[Scraped caption text data]
----
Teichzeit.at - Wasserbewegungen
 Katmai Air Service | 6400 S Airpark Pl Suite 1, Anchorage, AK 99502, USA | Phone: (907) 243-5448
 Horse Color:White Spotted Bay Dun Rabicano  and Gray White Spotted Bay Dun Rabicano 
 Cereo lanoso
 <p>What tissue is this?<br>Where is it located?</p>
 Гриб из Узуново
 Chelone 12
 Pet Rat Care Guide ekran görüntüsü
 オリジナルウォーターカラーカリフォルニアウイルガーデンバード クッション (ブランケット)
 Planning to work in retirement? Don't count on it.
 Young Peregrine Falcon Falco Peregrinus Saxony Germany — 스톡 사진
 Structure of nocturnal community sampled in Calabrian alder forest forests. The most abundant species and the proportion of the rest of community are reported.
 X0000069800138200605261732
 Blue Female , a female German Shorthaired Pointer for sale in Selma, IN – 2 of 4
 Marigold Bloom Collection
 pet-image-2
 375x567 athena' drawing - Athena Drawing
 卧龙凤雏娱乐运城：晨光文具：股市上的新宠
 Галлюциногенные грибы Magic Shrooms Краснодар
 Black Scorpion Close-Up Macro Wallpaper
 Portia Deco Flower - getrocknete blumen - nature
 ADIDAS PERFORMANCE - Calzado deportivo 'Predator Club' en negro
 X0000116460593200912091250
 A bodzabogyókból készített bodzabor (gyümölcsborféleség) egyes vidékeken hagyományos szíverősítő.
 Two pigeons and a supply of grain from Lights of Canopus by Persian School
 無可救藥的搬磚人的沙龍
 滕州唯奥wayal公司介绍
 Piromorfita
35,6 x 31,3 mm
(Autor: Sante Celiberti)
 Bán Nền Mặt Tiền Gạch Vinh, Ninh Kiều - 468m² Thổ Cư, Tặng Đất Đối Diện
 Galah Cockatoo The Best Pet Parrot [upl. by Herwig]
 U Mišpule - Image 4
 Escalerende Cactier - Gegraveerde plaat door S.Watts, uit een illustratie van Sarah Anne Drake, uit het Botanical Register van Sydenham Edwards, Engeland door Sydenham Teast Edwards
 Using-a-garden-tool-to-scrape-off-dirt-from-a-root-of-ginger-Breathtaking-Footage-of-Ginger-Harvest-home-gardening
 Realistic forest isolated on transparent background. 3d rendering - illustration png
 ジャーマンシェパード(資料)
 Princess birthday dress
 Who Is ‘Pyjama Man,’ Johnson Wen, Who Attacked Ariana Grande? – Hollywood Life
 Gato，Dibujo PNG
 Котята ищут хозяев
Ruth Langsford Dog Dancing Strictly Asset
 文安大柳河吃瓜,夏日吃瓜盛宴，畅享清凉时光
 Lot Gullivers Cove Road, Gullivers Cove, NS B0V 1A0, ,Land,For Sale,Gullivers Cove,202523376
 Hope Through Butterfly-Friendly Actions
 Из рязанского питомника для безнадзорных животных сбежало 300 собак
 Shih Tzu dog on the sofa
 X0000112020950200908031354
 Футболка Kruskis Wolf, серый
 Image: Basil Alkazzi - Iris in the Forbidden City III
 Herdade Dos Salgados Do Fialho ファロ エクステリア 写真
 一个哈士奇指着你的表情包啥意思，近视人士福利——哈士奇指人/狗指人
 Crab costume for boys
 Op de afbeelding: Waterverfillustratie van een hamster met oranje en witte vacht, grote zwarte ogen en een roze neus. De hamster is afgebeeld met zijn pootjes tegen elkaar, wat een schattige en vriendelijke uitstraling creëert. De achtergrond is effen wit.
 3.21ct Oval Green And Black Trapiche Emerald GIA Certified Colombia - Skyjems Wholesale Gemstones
----
• **Exercise**
Filter the entries above down to the lines that hold the word "from", and copy those lines.

• **Expected output**
 Two pigeons and a supply of grain from Lights of Canopus by Persian School
 Using-a-garden-tool-to-scrape-off-dirt-from-a-root-of-ginger-Breathtaking-Footage-of-Ginger-Harvest-home-gardening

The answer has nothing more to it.